** Information shown follows **

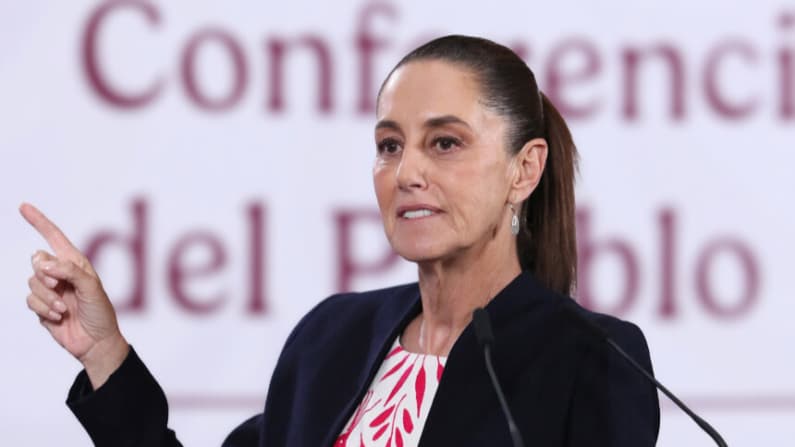 México descarta retomar relación con Perú pese a cambio de presidente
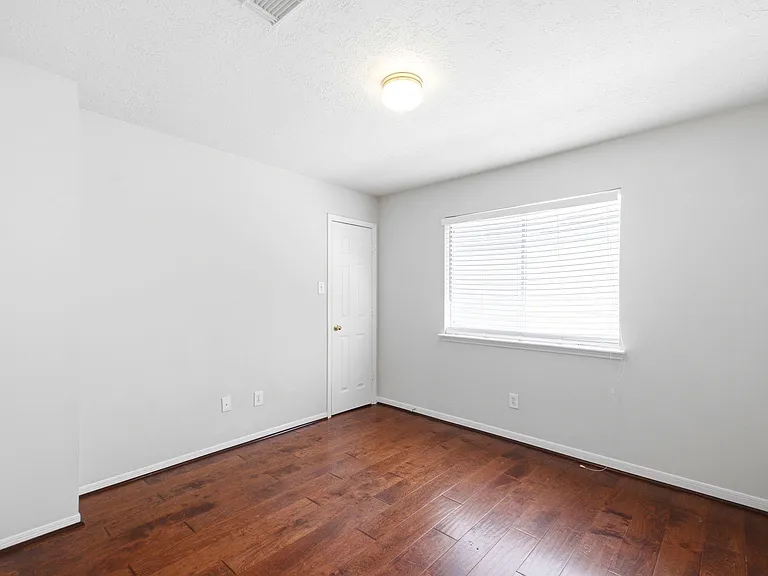 3126 Waters View Dr — Photo 38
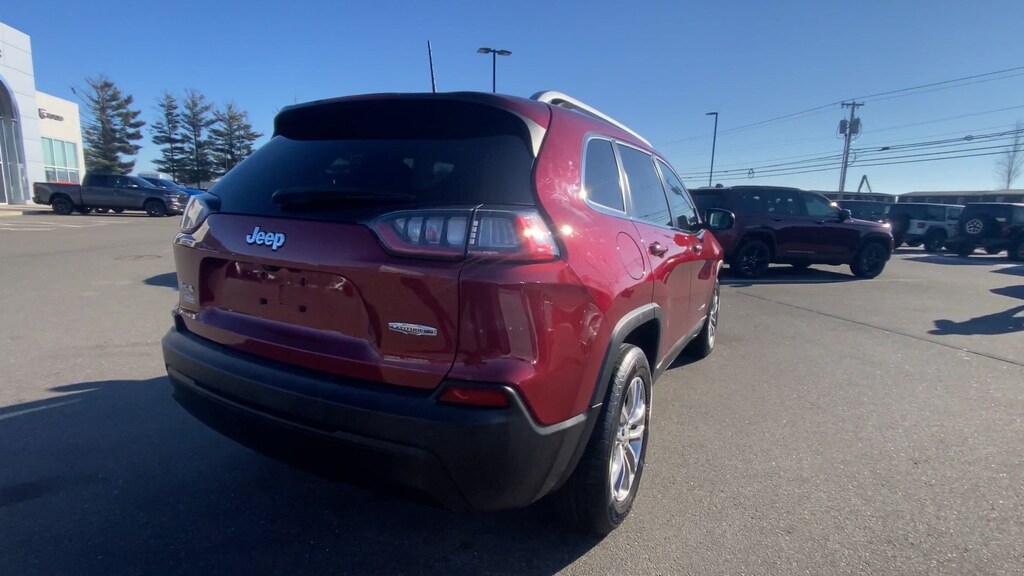 Used 2021 Jeep Cherokee Latitude Plus SUV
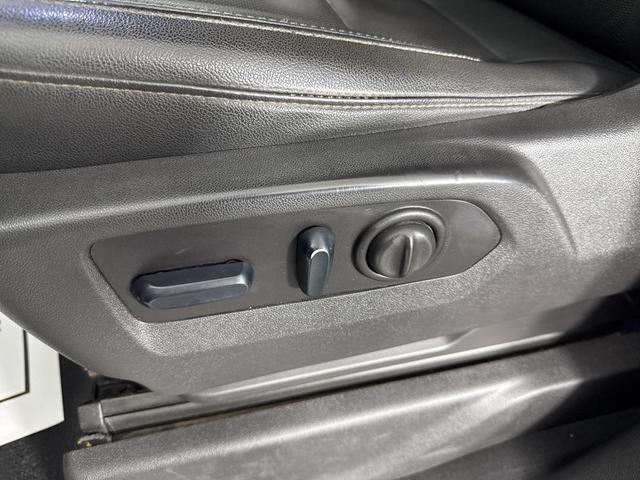Photo of 2022 Summit White Chevrolet Silverado 2500
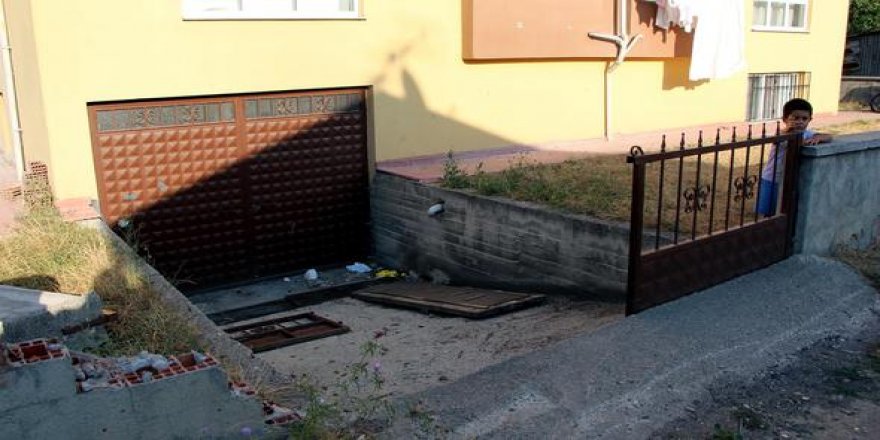 Üç yaşındaki çocuğun şok ölümü: Üzerine demir kapı devrildi!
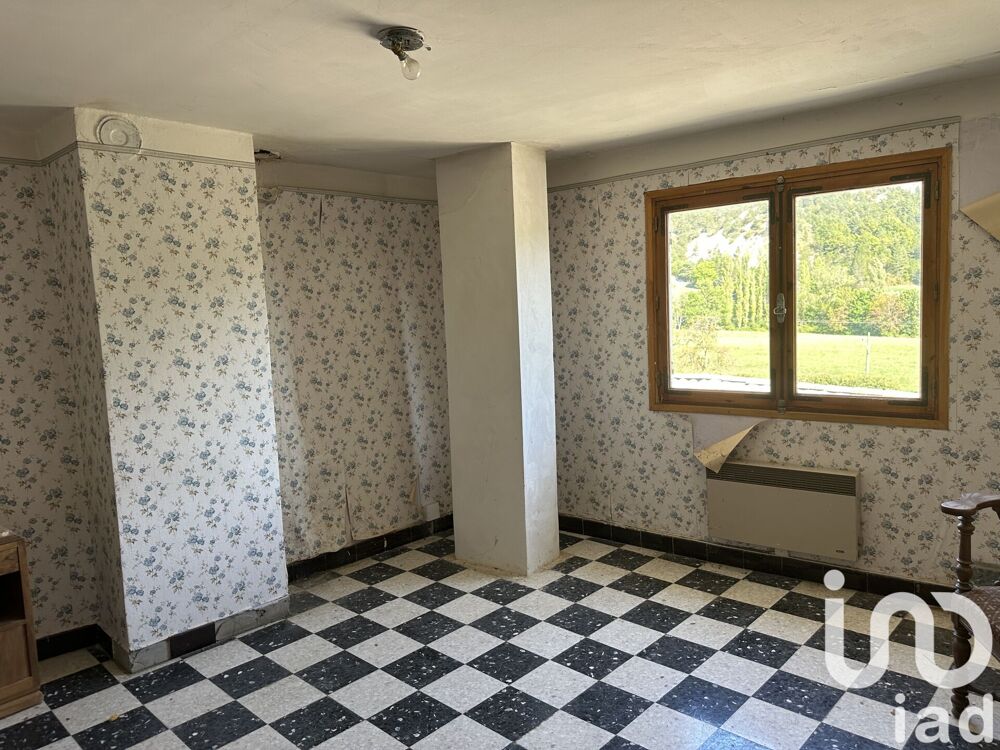 Vente Maison Vente Maison de village 7 pièces Moriez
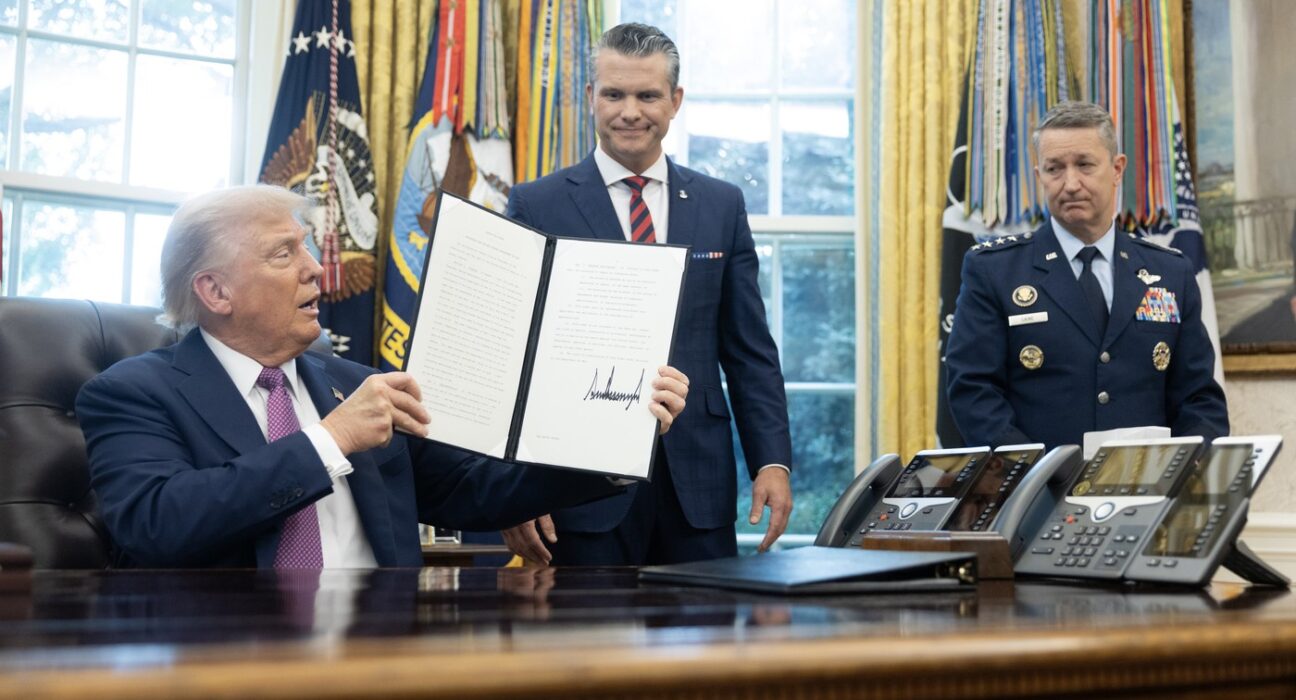 Donald Trump a semnat ordinul pentru noul nume al Pentagonului. „Am obținut pace datorită faptului că suntem puternici”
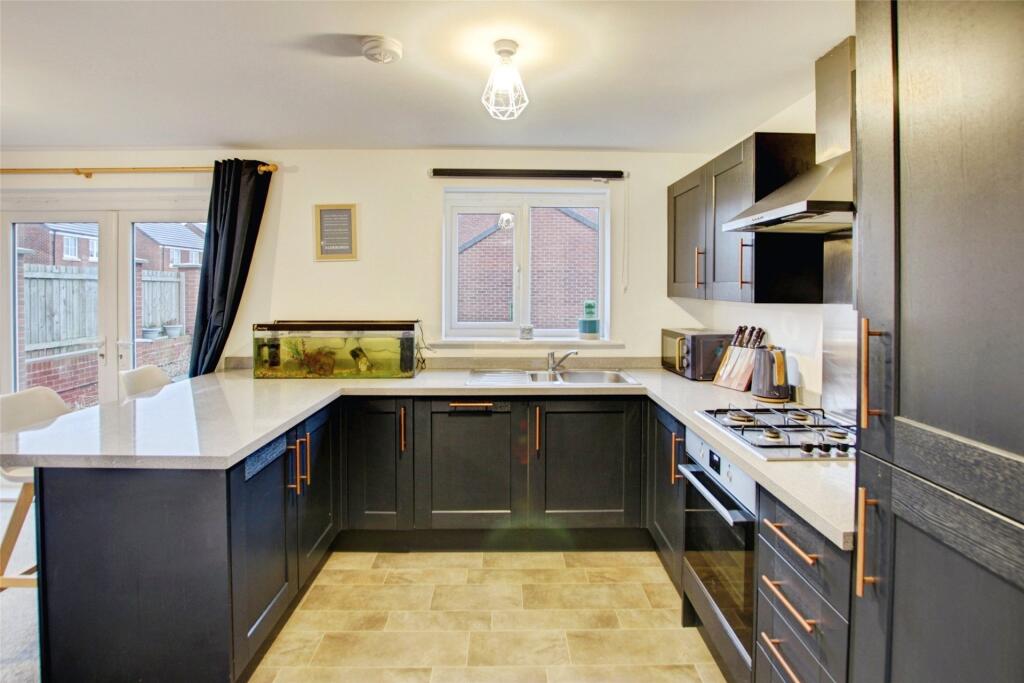 Parkinson Crescent, Sherburn Village, Durham, DH6 photo 3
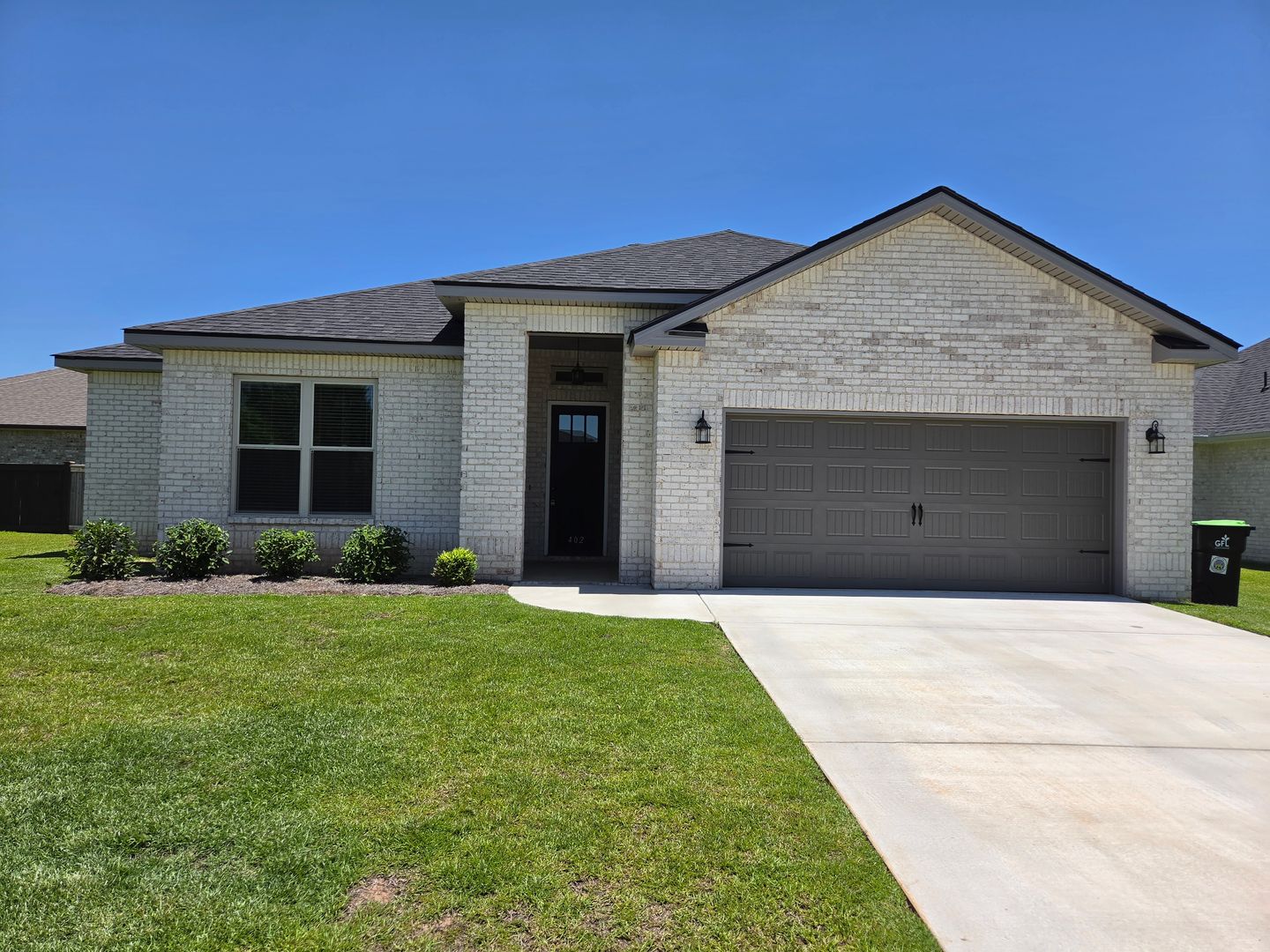 Kathleen House: 402 Otters Ridge Drive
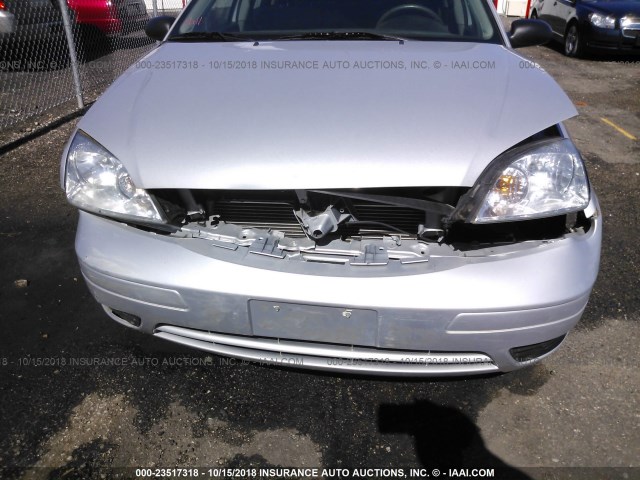 1FAFP34N37W246244 - 2007 FORD FOCUS ZX4/S/SE/SES SILVER photo 6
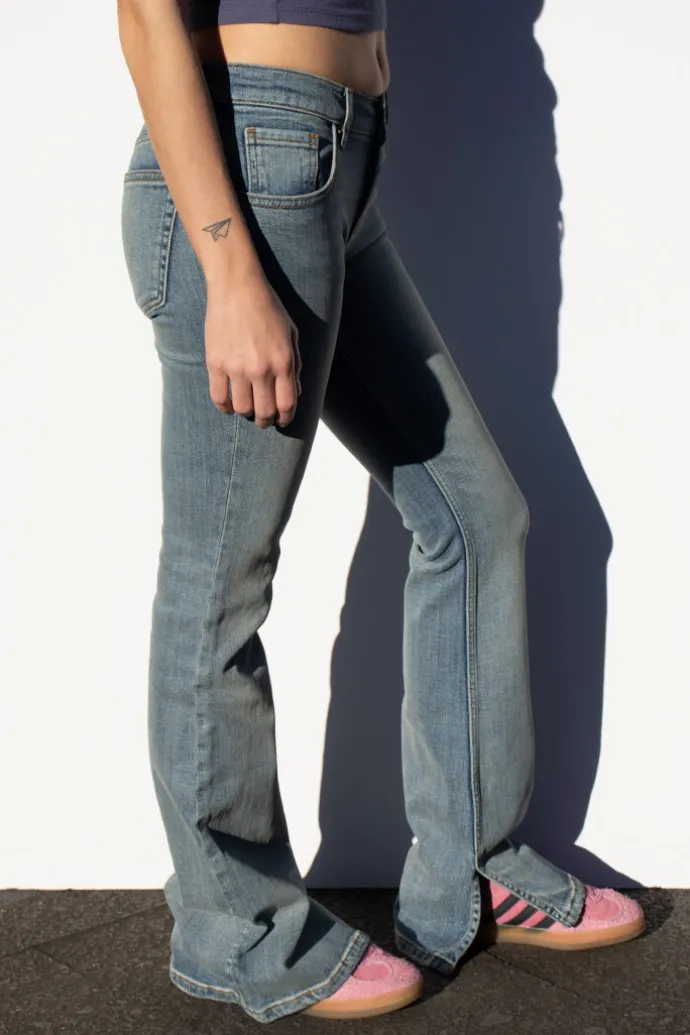jeans_side_split_3.webp Donna Subdued Jeans side split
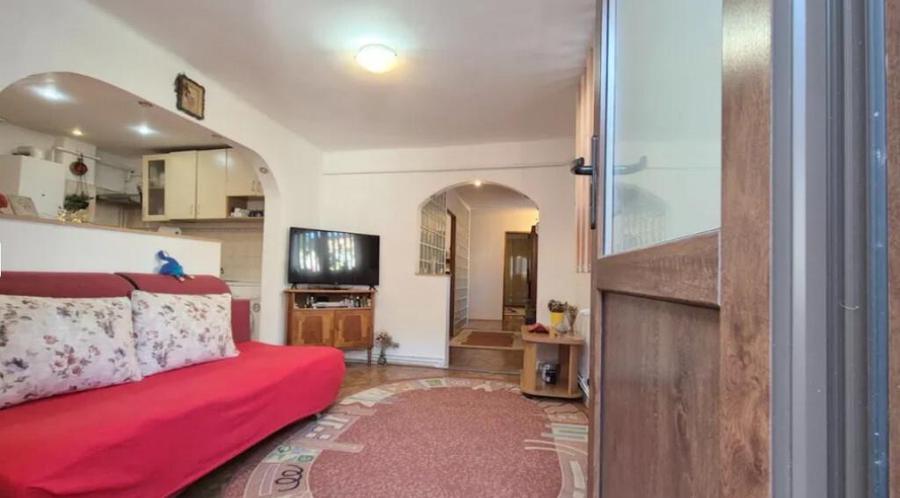 Apartament 2 camere, decomandat - zona Schei - 5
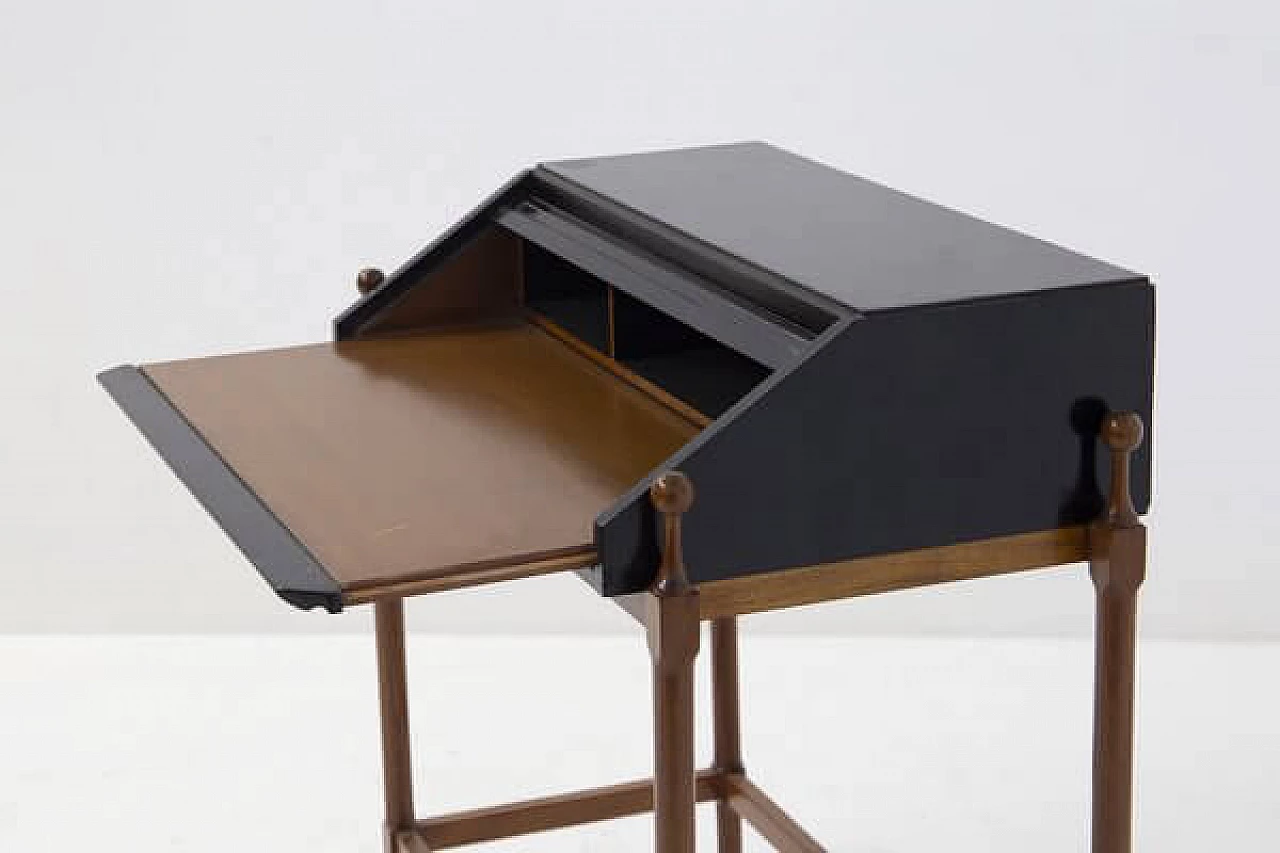 Scrivania in legno con rotelle di Fratelli Proserpio, anni '50 2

** End of Information shown **

__Your objective__: Give every line above again exactly, with no pictures.

__Exercise response__:
 México descarta retomar relación con Perú pese a cambio de presidente
 3126 Waters View Dr — Photo 38
 Used 2021 Jeep Cherokee Latitude Plus SUV
Photo of 2022 Summit White Chevrolet Silverado 2500
 Üç yaşındaki çocuğun şok ölümü: Üzerine demir kapı devrildi!
 Vente Maison Vente Maison de village 7 pièces Moriez
 Donald Trump a semnat ordinul pentru noul nume al Pentagonului. „Am obținut pace datorită faptului că suntem puternici”
 Parkinson Crescent, Sherburn Village, Durham, DH6 photo 3
 Kathleen House: 402 Otters Ridge Drive
 1FAFP34N37W246244 - 2007 FORD FOCUS ZX4/S/SE/SES SILVER photo 6
jeans_side_split_3.webp Donna Subdued Jeans side split
 Apartament 2 camere, decomandat - zona Schei - 5
 Scrivania in legno con rotelle di Fratelli Proserpio, anni '50 2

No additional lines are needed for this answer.